A word-for-word copy of all entries is required, without images.

********

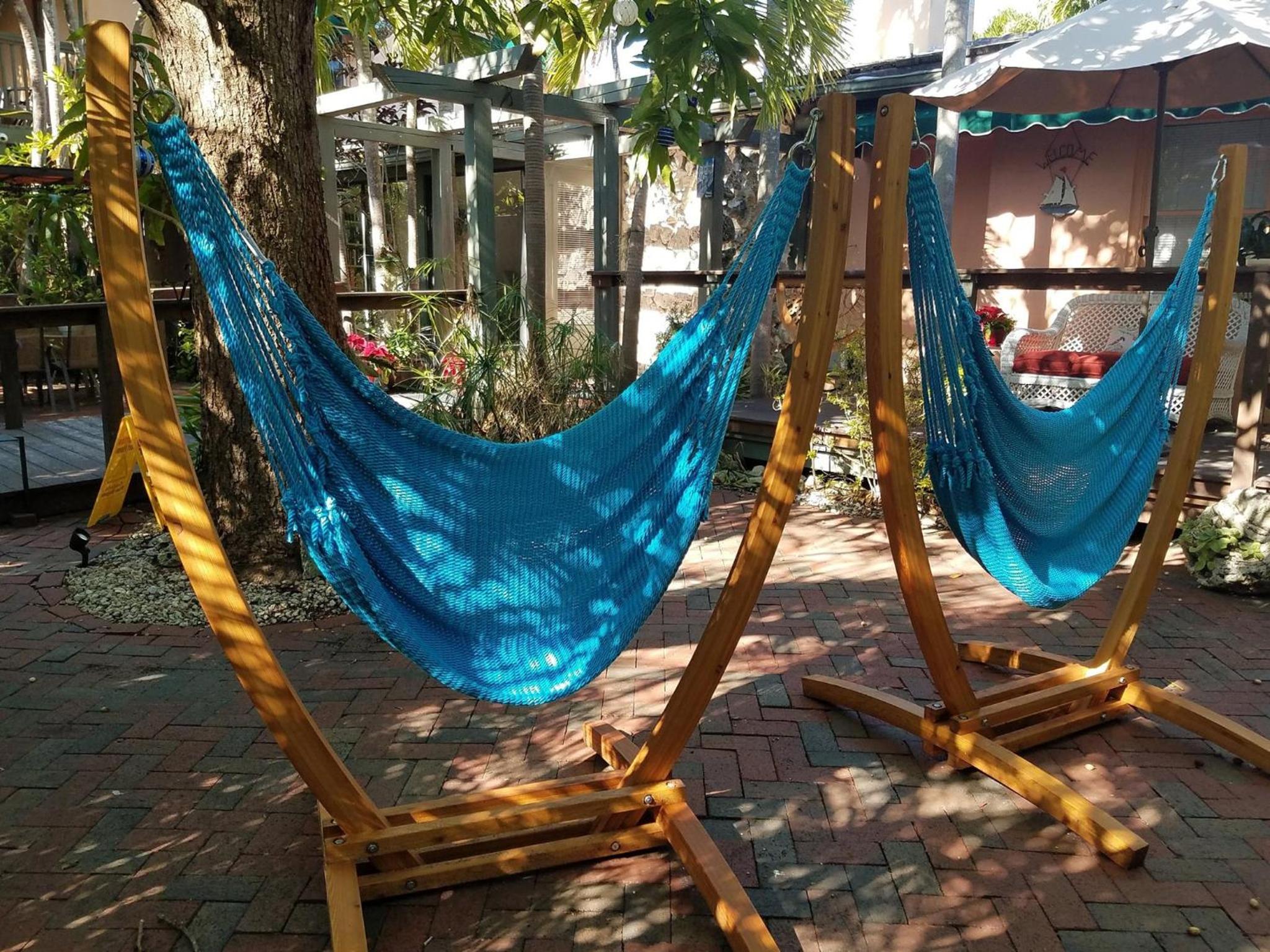 Suite Dreams Inn by the beach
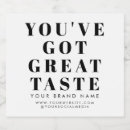 Search for wine tasting Minimalist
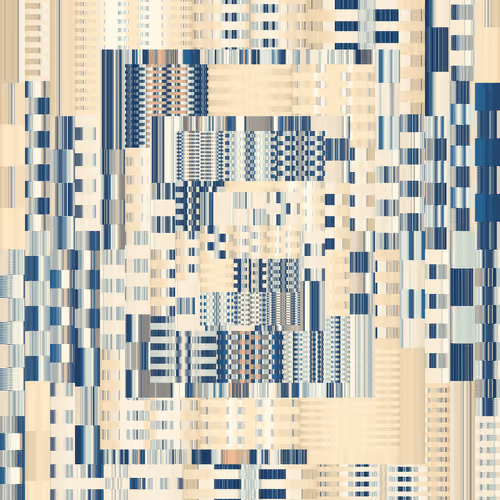 Hues Tapestries 1-1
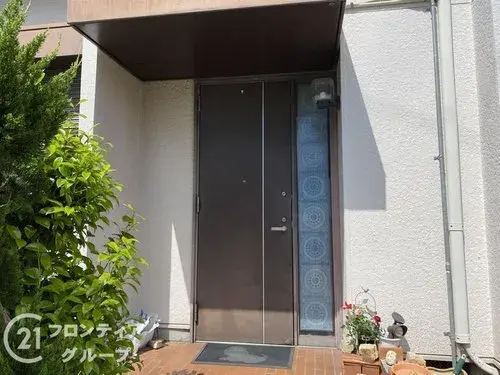 4DK Ciudad de Kakogawa Prefectura de Hyogo (2)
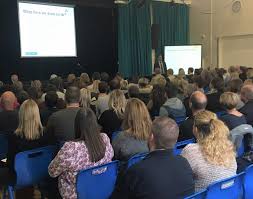 Image result for Sawtry Cc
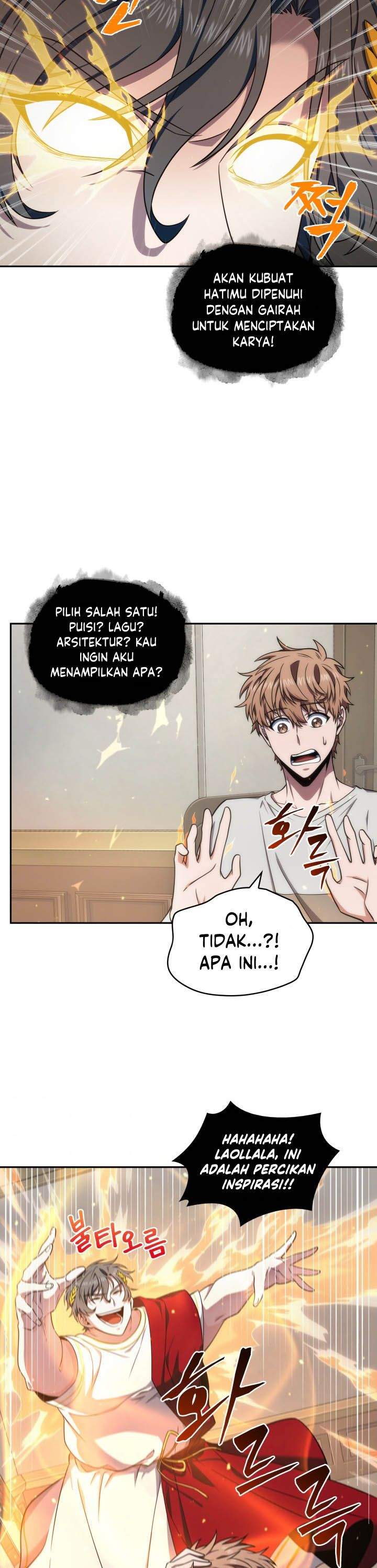 image-komik-tomb-raider-king-chapter-251-15/29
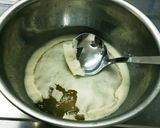 ダイエット中必見！鶏皮コラーゲン&チーユ作り方7写真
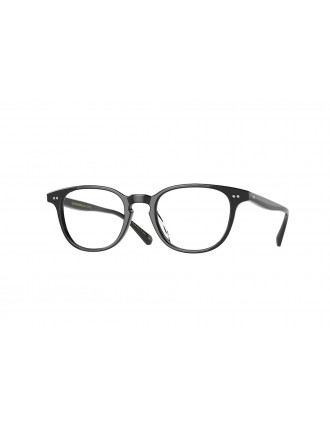 Oliver Peoples OV5481U Sadao Eyeglasses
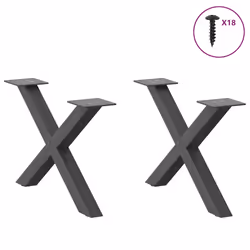 VidaXL 4012946 pièce de table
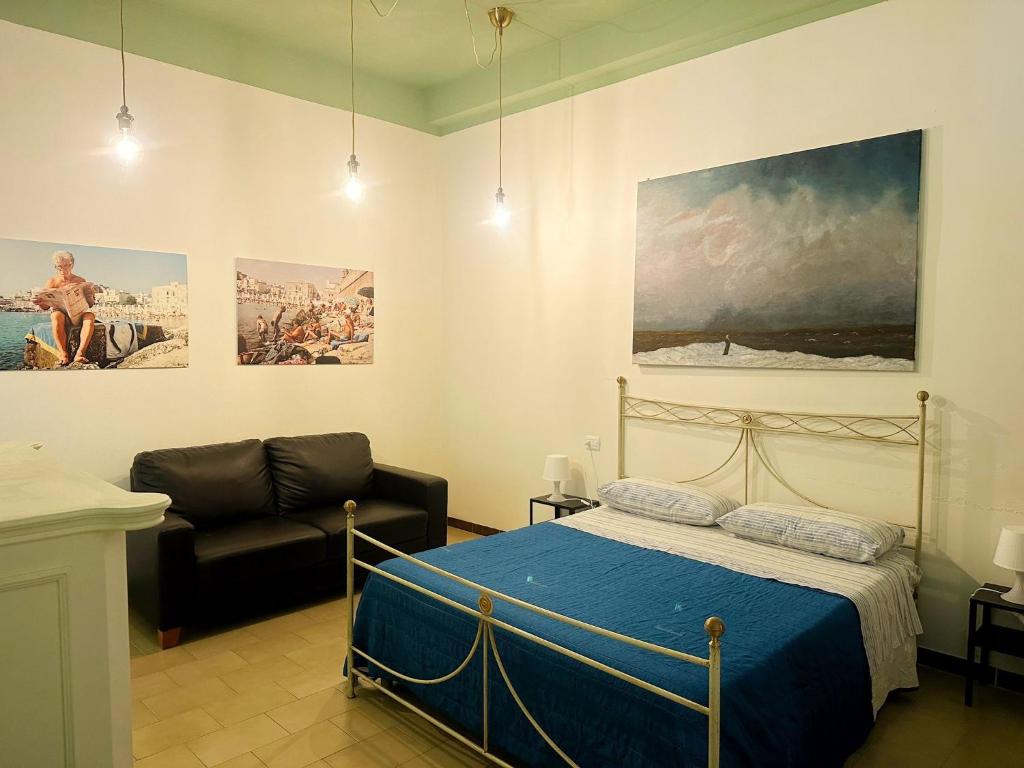 Il Mare di Giò - 3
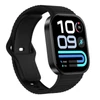 Kép 2/4 - Redmi Watch 6 Lite okosóra - Black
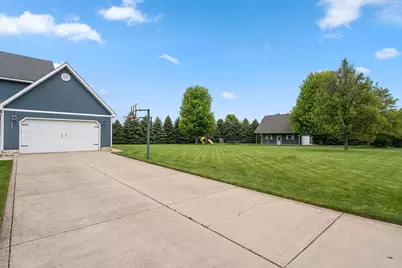 403 Creekwood Drive, Valparaiso, IN 46383 - Photo 45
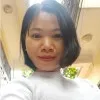 Bui Thuy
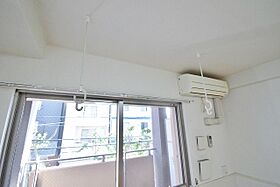 カルムドアビタシオン  ｜ 大阪府大阪市住之江区中加賀屋2丁目（賃貸マンション1K・3階・32.69㎡） その25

********

* THE ANSWER
 Suite Dreams Inn by the beach
 Search for wine tasting Minimalist
 Hues Tapestries 1-1
 4DK Ciudad de Kakogawa Prefectura de Hyogo (2)
 Image result for Sawtry Cc
 image-komik-tomb-raider-king-chapter-251-15/29
 ダイエット中必見！鶏皮コラーゲン&チーユ作り方7写真
 Oliver Peoples OV5481U Sadao Eyeglasses
 VidaXL 4012946 pièce de table
 Il Mare di Giò - 3
 Kép 2/4 - Redmi Watch 6 Lite okosóra - Black
 403 Creekwood Drive, Valparaiso, IN 46383 - Photo 45
 Bui Thuy
 カルムドアビタシオン  ｜ 大阪府大阪市住之江区中加賀屋2丁目（賃貸マンション1K・3階・32.69㎡） その25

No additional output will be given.